Output exactly, and only, the stretch of lines beginning at the line with "Maija un Džeimijs atjauno senu muižu Ārdavā" and ending at the last line of the listing below. Drop the pictures.

>>>

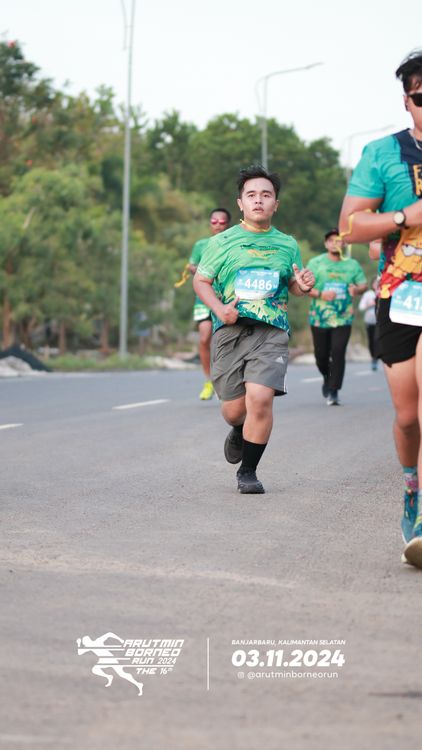 Race photo from Arutmin Borneo Run 2024
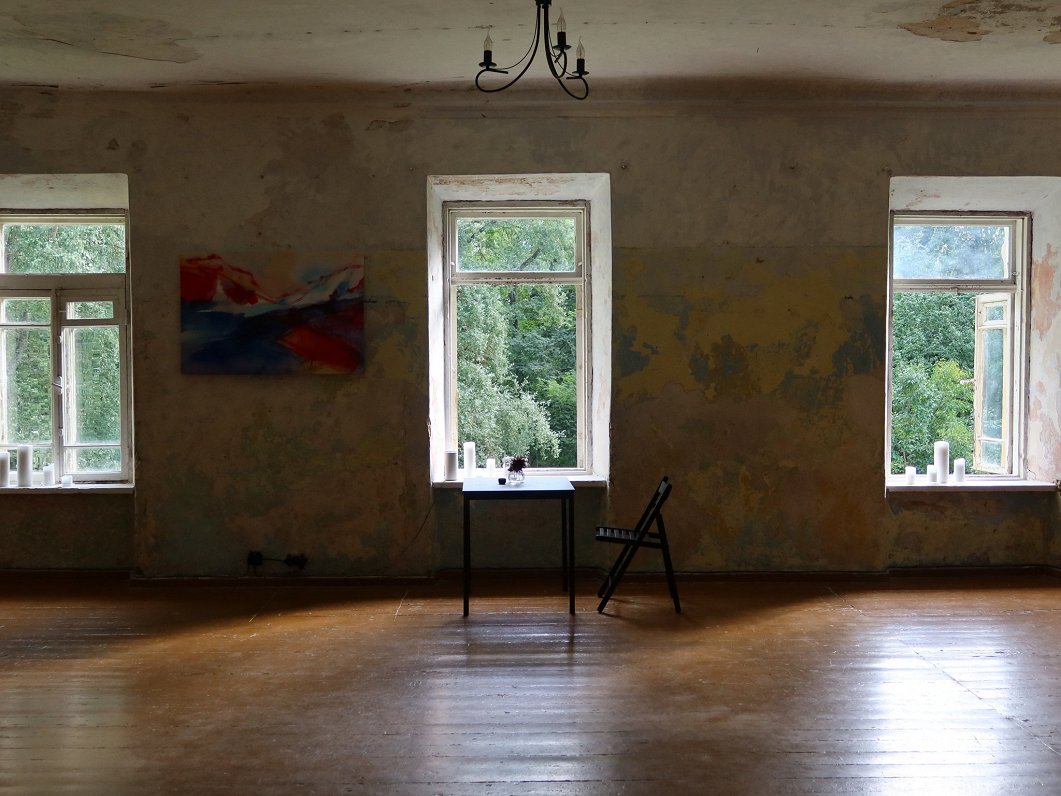 Maija un Džeimijs atjauno senu muižu Ārdavā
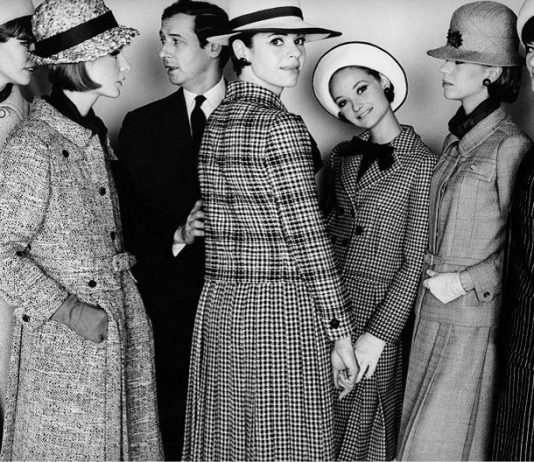 Addio a Marc Bohan: muore a 97 anni lo storico direttore creativo di Dior Marc Bohan, 1964, con alcuni abiti per Dior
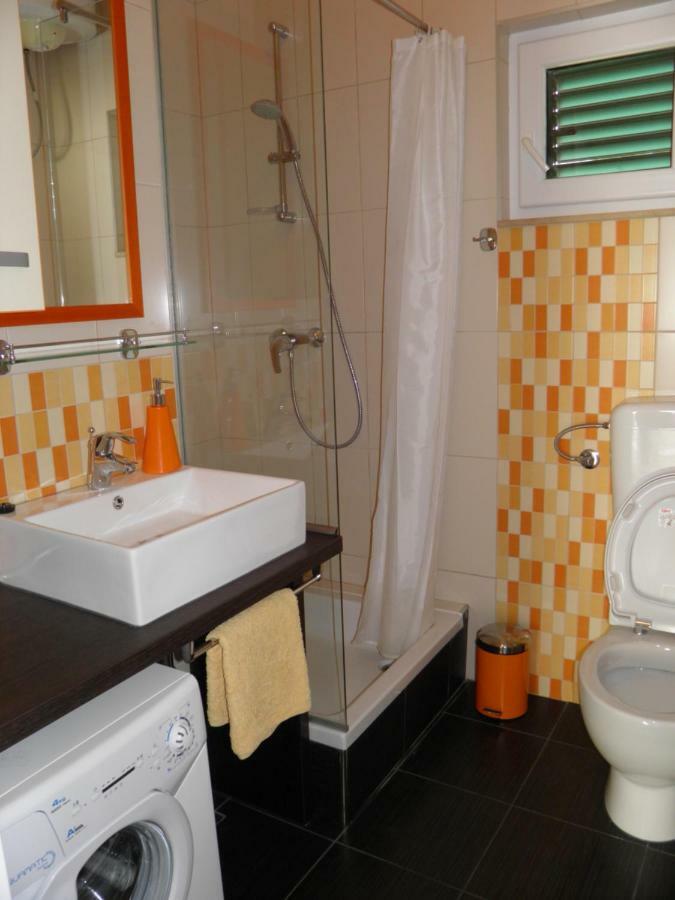 Apartments Marcic Bol Esterno foto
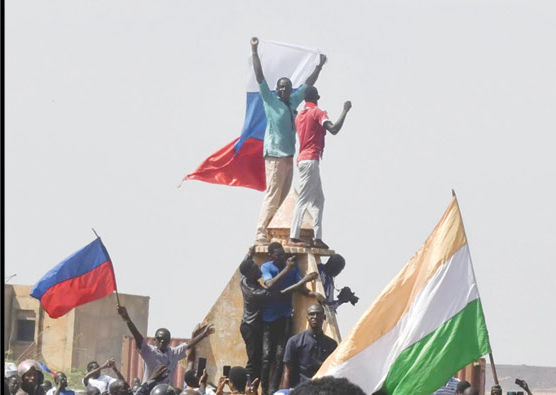 
تظاهرات‌ حامیان کودتای نیجر

 با پرچم روسیه!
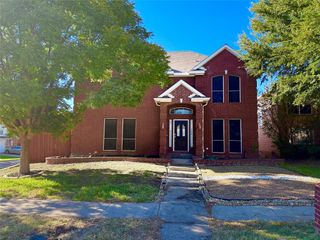 2301 Mapleleaf Lane, Flower Mound, TX 75028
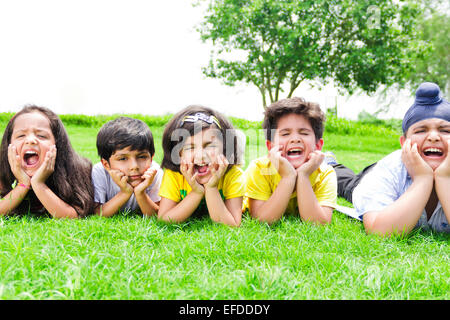 indische Kinder Gruppe Massen-Freunde-Park-Spaß Stockfoto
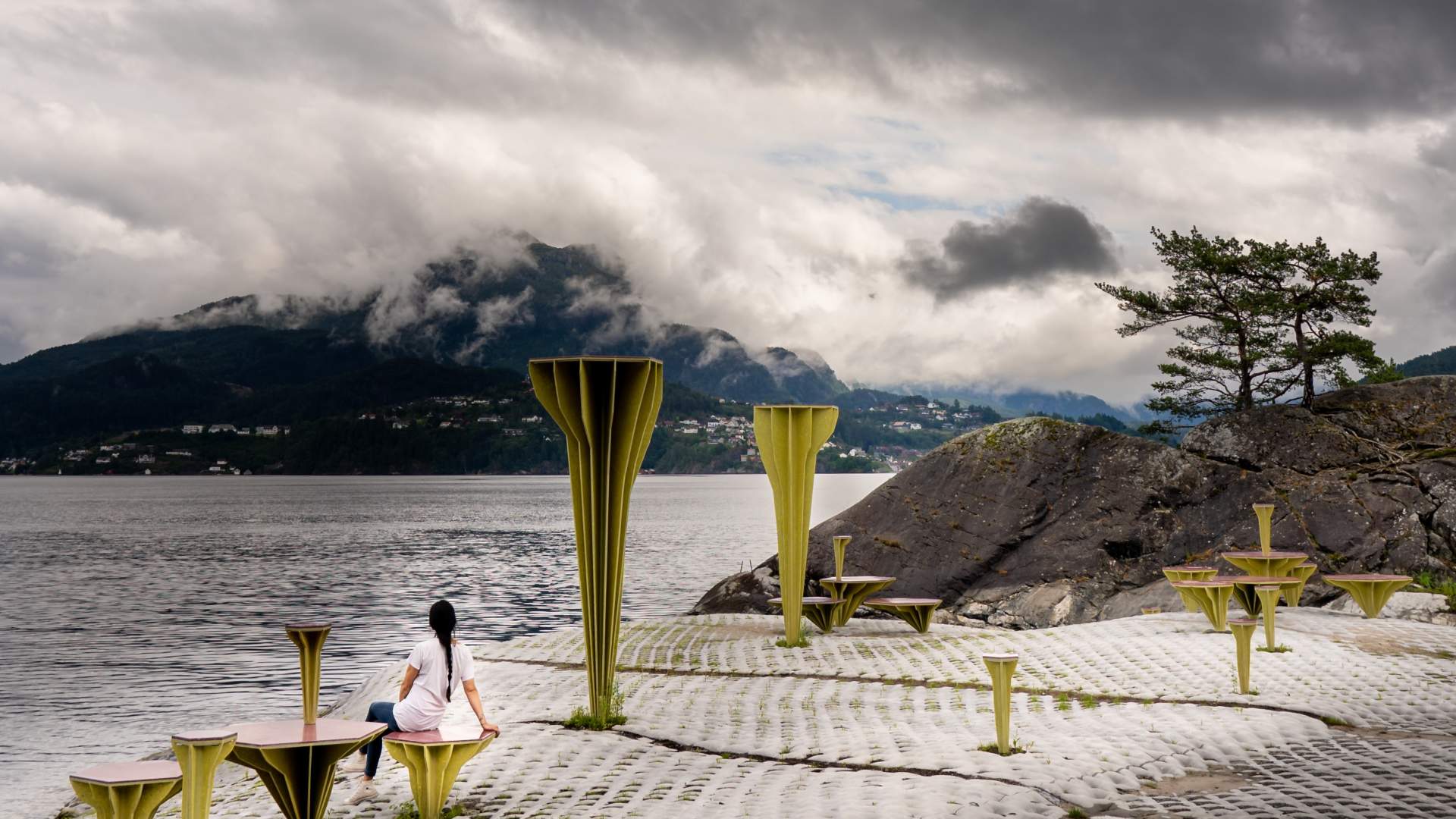 Venterommet (waiting room) and "the mushrooms" at Ropeid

<<<

◆ The answer:
 Maija un Džeimijs atjauno senu muižu Ārdavā
 Addio a Marc Bohan: muore a 97 anni lo storico direttore creativo di Dior Marc Bohan, 1964, con alcuni abiti per Dior
 Apartments Marcic Bol Esterno foto
تظاهرات‌ حامیان کودتای نیجر

 با پرچم روسیه!
 2301 Mapleleaf Lane, Flower Mound, TX 75028
 indische Kinder Gruppe Massen-Freunde-Park-Spaß Stockfoto
 Venterommet (waiting room) and "the mushrooms" at Ropeid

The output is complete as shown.